Lebih lanjut, dalam hal pemasaran dilakukan sebelum pembangunan rumah susun, segala sesuatu yang dijanjikan oleh pelaku pembangunan dan/atau agen pemasaran mengikat sebagai perjanjian pengikatan jual beli (PPJB) bagi para pihak, sebagaimana bunyi Pasal Pasal 42 Ayat (3) UU No.20/2011.

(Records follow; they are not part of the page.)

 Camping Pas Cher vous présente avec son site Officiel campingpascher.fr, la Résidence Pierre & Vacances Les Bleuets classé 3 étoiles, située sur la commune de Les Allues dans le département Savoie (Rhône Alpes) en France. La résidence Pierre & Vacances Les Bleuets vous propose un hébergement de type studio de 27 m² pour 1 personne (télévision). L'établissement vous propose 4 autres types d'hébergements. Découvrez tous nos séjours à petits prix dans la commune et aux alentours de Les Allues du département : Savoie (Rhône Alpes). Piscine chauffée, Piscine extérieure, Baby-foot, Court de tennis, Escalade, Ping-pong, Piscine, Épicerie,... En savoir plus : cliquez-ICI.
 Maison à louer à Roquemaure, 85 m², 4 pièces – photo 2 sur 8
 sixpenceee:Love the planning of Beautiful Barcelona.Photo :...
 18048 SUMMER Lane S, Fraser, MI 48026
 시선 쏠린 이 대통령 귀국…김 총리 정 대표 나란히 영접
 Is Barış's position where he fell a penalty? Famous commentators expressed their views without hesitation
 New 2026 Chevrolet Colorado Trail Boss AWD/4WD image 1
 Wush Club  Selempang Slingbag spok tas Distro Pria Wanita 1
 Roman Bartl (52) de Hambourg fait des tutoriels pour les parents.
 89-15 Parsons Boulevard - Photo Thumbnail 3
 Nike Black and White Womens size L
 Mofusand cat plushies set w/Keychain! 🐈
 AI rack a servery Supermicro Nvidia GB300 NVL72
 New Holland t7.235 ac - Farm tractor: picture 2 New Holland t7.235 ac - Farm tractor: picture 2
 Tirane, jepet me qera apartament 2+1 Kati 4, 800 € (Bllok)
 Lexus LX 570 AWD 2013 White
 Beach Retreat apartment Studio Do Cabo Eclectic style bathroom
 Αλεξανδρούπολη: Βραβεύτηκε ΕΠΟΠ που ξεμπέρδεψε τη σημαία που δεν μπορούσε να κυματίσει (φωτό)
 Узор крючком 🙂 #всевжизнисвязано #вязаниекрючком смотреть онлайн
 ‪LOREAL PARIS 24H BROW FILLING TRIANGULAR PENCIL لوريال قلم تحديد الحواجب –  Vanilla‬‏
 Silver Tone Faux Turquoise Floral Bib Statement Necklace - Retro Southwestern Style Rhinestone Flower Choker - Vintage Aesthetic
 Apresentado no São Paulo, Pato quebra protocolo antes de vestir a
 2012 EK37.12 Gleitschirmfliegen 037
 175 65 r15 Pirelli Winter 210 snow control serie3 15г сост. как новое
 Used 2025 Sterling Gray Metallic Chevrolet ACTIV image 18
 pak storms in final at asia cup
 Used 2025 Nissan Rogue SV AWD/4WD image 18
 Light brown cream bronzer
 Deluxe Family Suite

Perjanjian pengikatan jual beli (PPJB) sebagaimana dimaksud diartikan sebagai kesepakatan antara pelaku pembangunan dan setiap orang untuk melakukan jual beli rumah atau satuan rumah susun yang dapat dilakukan oleh pelaku pembangunan sebelum pembangunan untuk rumah susun atau dalam proses pembangunan untuk rumah tinggal dan rumah deret yang dibuat di hadapan notaris, sebagaimana bunyi Pasal 1 Angka 11 Peraturan Pemerintah Nomor 12 Tahun 2021 tentang Perubahan atas Peraturan Pemerintah Nomor 14 Tahun 2016 tentang Penyelenggaraan Perumahan dan Kawasan Permukiman (“PP 12/2021”).